Goal of the exercise: For the listing below, output exactly the lines from the line with "Image of shiny" up to and including the line with "Een groot, smal", and no other lines.

The records:

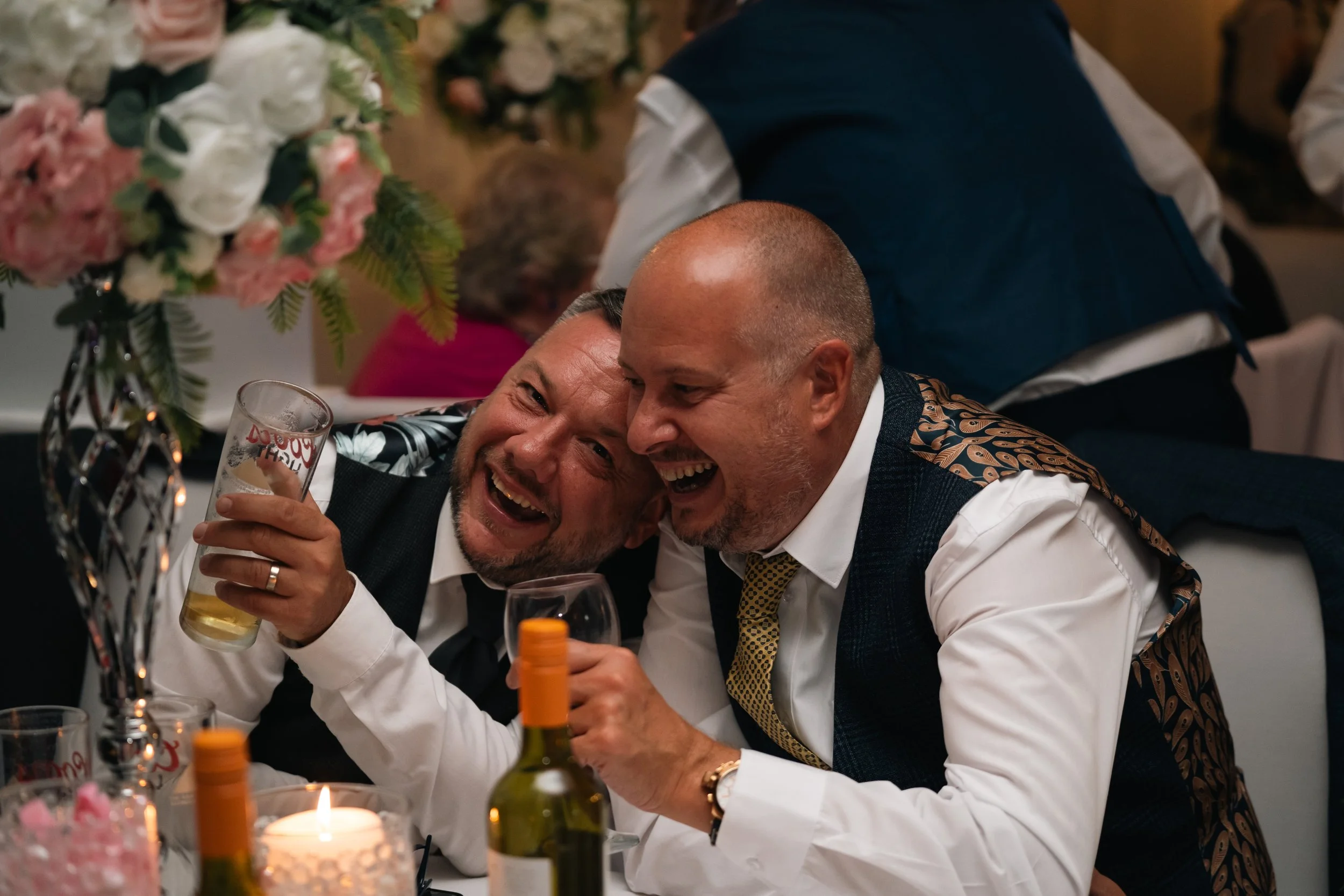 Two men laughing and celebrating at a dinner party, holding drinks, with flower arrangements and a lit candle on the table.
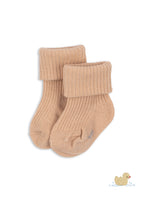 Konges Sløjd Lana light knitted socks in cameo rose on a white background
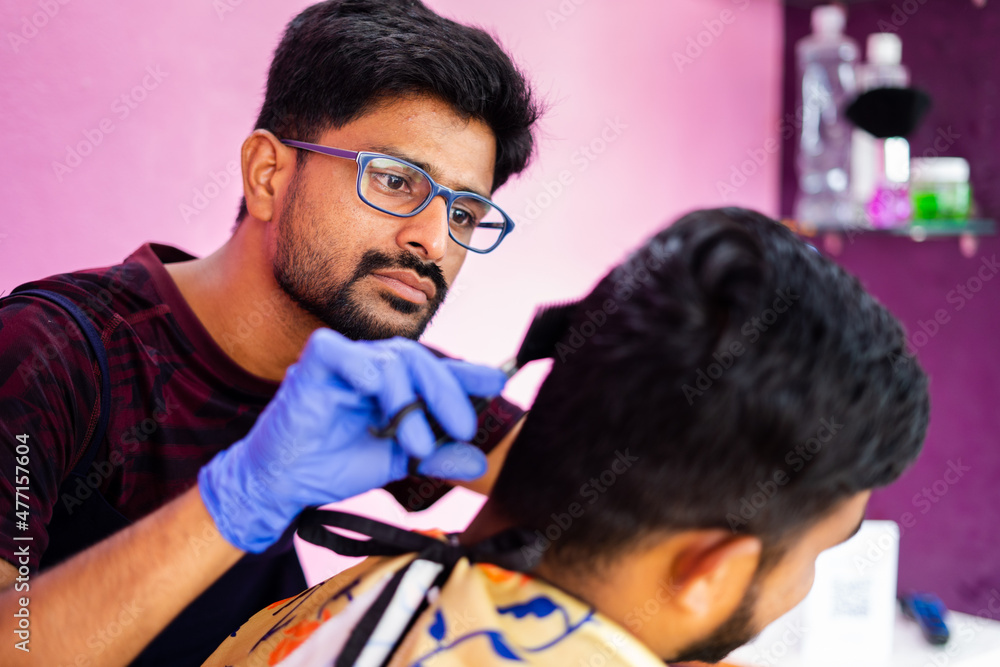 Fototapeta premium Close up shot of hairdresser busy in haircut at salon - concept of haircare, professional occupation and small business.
---
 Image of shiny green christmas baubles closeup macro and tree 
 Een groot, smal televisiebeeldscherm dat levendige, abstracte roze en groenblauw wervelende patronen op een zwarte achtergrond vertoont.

Solution below:
 Image of shiny green christmas baubles closeup macro and tree 
 Een groot, smal televisiebeeldscherm dat levendige, abstracte roze en groenblauw wervelende patronen op een zwarte achtergrond vertoont.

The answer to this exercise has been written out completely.